I did find the loading sill to be a touch too high for my liking and will without doubt make loading slightly heavier items a bit awkward.

Of course, for more versatility the boot space can be expanded to 519l with the easy folding down of the rear seats. Further storage nooks in the form of three cupholders as well as two bottle holders are offered over and above the cubbyhole.

Available in only Comfort trim — though a higher specified model is earmarked for next year — the current specification includes colour-coded bumpers and door handles and, with the exception of the wheel covers, which will no doubt be quickly dispensed with by owners in favour of aftermarket alloy wheels, it looks well poised.

Specification levels are quite high, with a thumping double din sound system with a USB port, steering mounted audio controls, air conditioning and electric windows all round, not to mention safety equipment including ABS with EBD and dual airbags.

Under the bonnet nestles a 1.2l i-Vtec engine, which according to Graham Eagle, sales and marketing director at Honda SA, is part of the same engine family that powers the Jazz range. It makes 65kW at 6,000r/min and 109Nm at 4,500r/min via either a slick-shifting five-speed manual or five-speed automatic transmission. At launch we drove the former in both urban and open road instances and found the engine and transmission to have a good rapport.

Despite the peaky nature of Vtec engines, and the fact that we drove the vehicle at the power-sapping Highveld altitude, this one proved to have a very flat torque curve, which meant that there was no need to stir the gearbox to gain momentum. There is also relatively little of the buzzing when the engine is revved up to its 6,500 ceiling, which defies the small capacity nature of the engine.

Claimed consumption figures are 5.6l /100km and 133g/km of carbon emissions, though we managed about 5.9l /100km over the launch route according to the onboard computer.

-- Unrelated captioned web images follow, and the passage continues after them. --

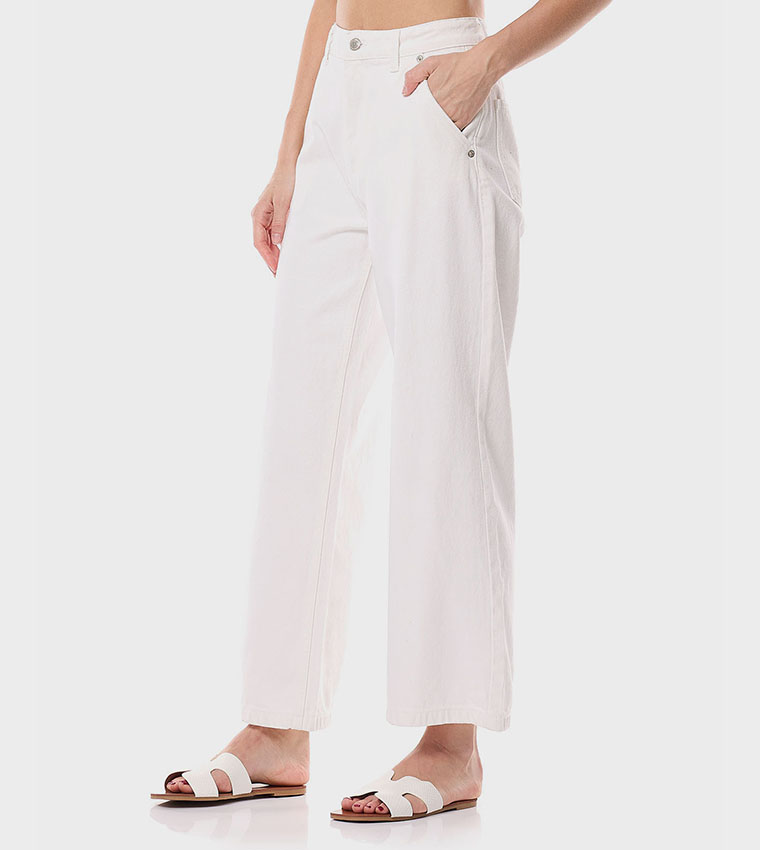 Solid Wide Leg Jeans with Button Closure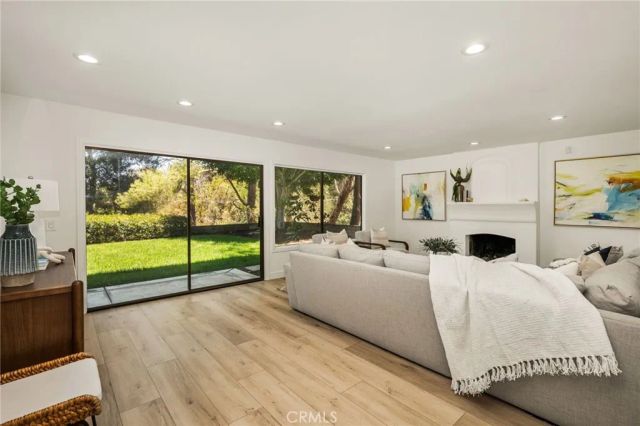 1281 Country Hills, North Tustin, CA 92705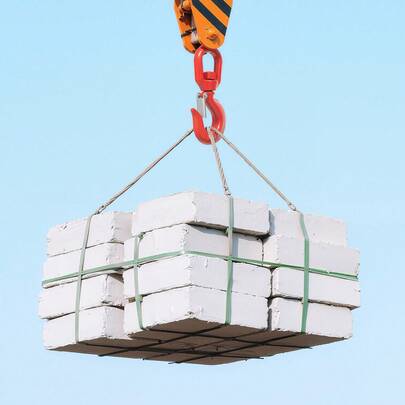 Red 7T Alloy Steel 360° Locking Swivel Hook, 15432lbs Capacity Heavy Duty Forged Lifting Hook With Safety Latch. 12.2*5.63in High Strength Swivel Lifting Hook For Trailer Forklift Construction Port Machinery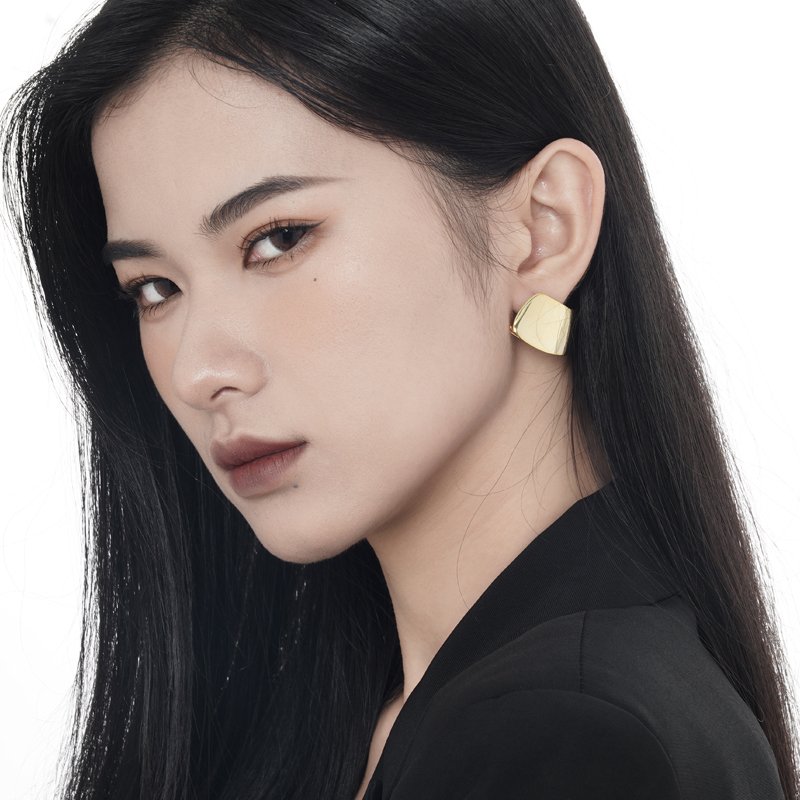 ICEBELA S925 Sterling Silver Fine Jewelry Earring Popular Minimalist Style Big Exaggerated Designer Stud Earrings For Women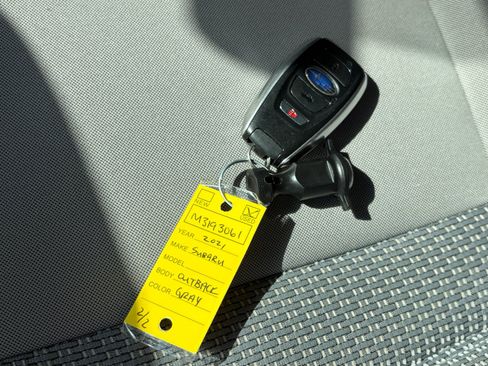 Used 2021 Subaru Outback Premium AWD/4WD image 33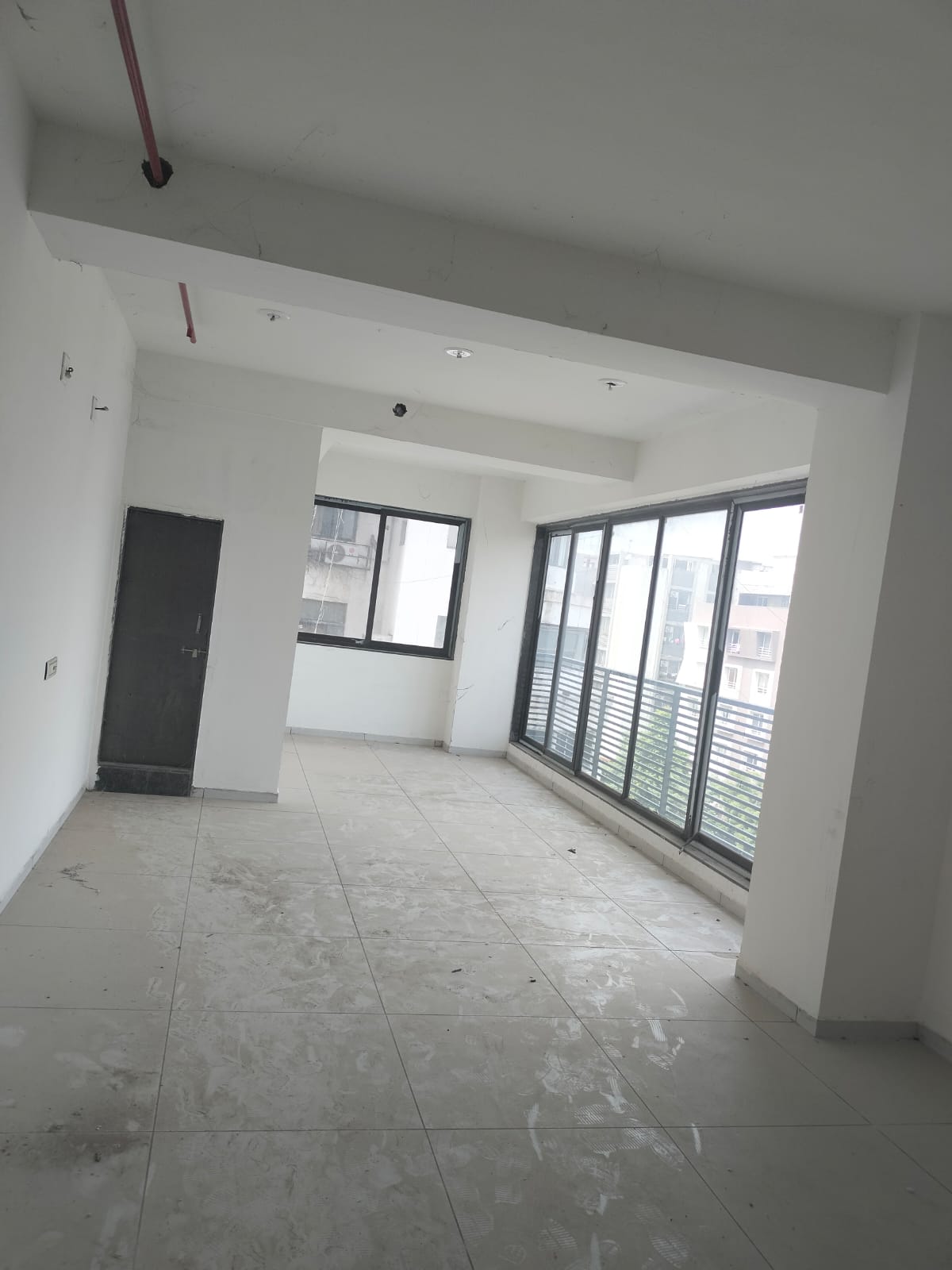 784 Sq. Ft. Commercial Office for Rent in Cg Road Ahmedabad - Media 2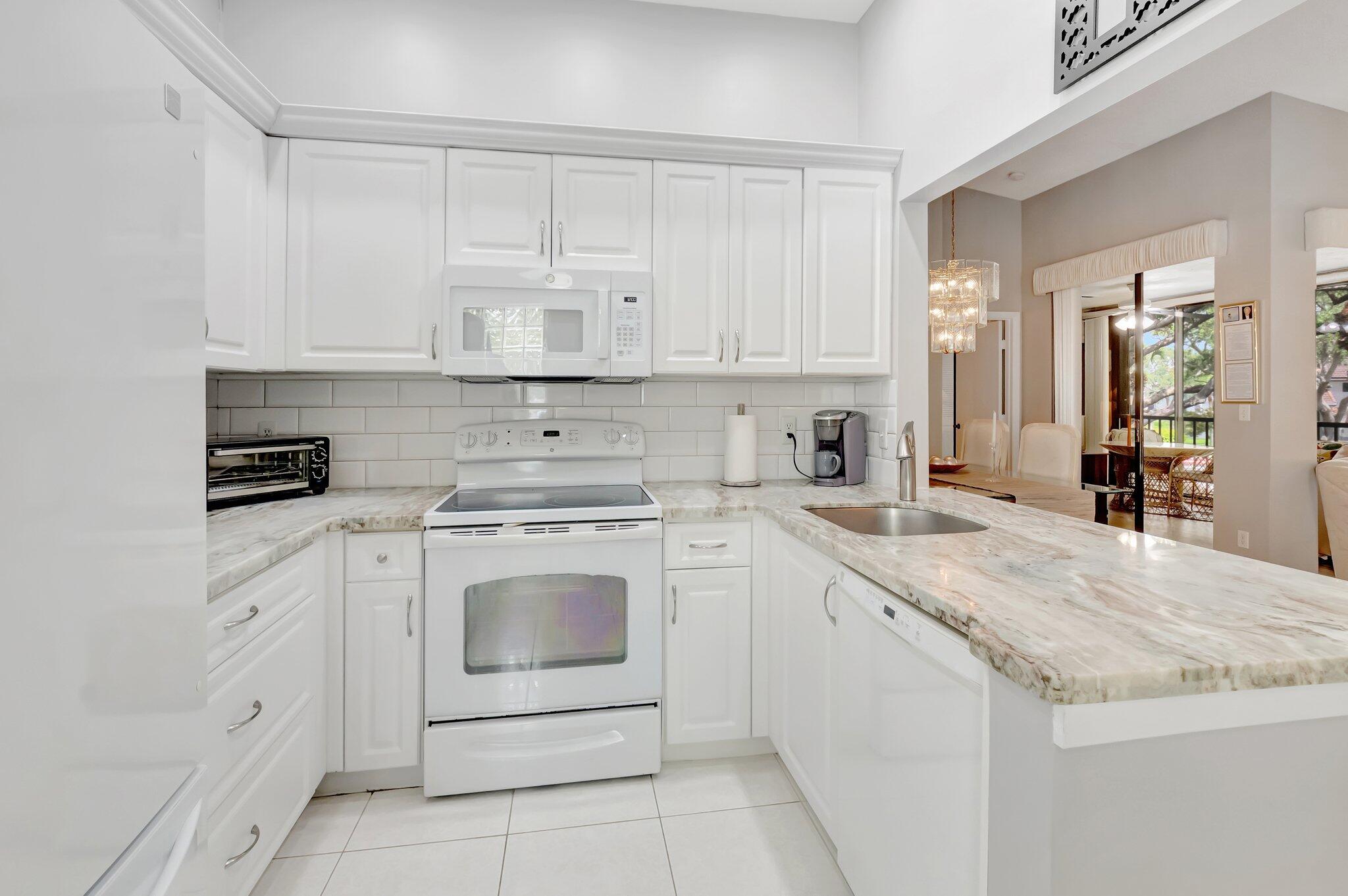 5414 Venetia Court G, Boynton Beach, Palm Beach County, Florida - 3 Bedrooms  
2 Bathrooms - 
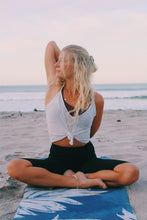 Cargar imagen en el visor de la galería, Yoga Mat Ultra Absorbente y Antideslizante | Eco-friendly y con Bolsa Porta Mat de Regalo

Handling was tidy thanks to the MacPherson-type front suspension and rear torsion beam, while ride comfort was reasonably good, though I would have preferred the driver’s seat to have an adjustment for height as the current position is a little too high for optimal comfort.

Other than that, the electric steering was easy to use and imparted a feeling of quality that we have become accustomed to in the Jazz range.

Overall, perceived quality is quite similar to its Korean rivals, which should bode well for those who lust after better than average tactile quality. The company expects to move about 300 units a month, which it admits is not quite in the ballpark of its competitors, but with plans to further expand its current 34 dealers by at least four by 2014, that figure could be increased significantly.

According to Eagle, the Brio platform will spawn other future models, while a sedan variant of the model is also on the cards for local inception. The company says it is slowly clawing back to the 12,000 units it achieved before the slump in the market in 2009, which will require an increase of its current 8,000 units by about 50% next year.

In the greater scheme of things, the Brio enters a fairly saturated market where value for money remains at the pinnacle of the buying decision.

Thankfully, and unequivocally so, the Brio brings a little more to the table in the way of better tech and specification, not to mention the inherent build quality we have come to expect of Honda products.

Pricing is also very competitive thanks in part to the vehicle being sourced from India, making for a better exchange rate for our market.

Should it be marketed aggressively, competitors will have a very capable rival in the Brio to contend with, and they should take heed of this new entrant.


1.2 i-Vtec Comfort manual R119,800

1,2 i-Vtec Comfort automatic R129,800

Prices include a two-year/30,000km service plan and a three-year/100,000km warranty.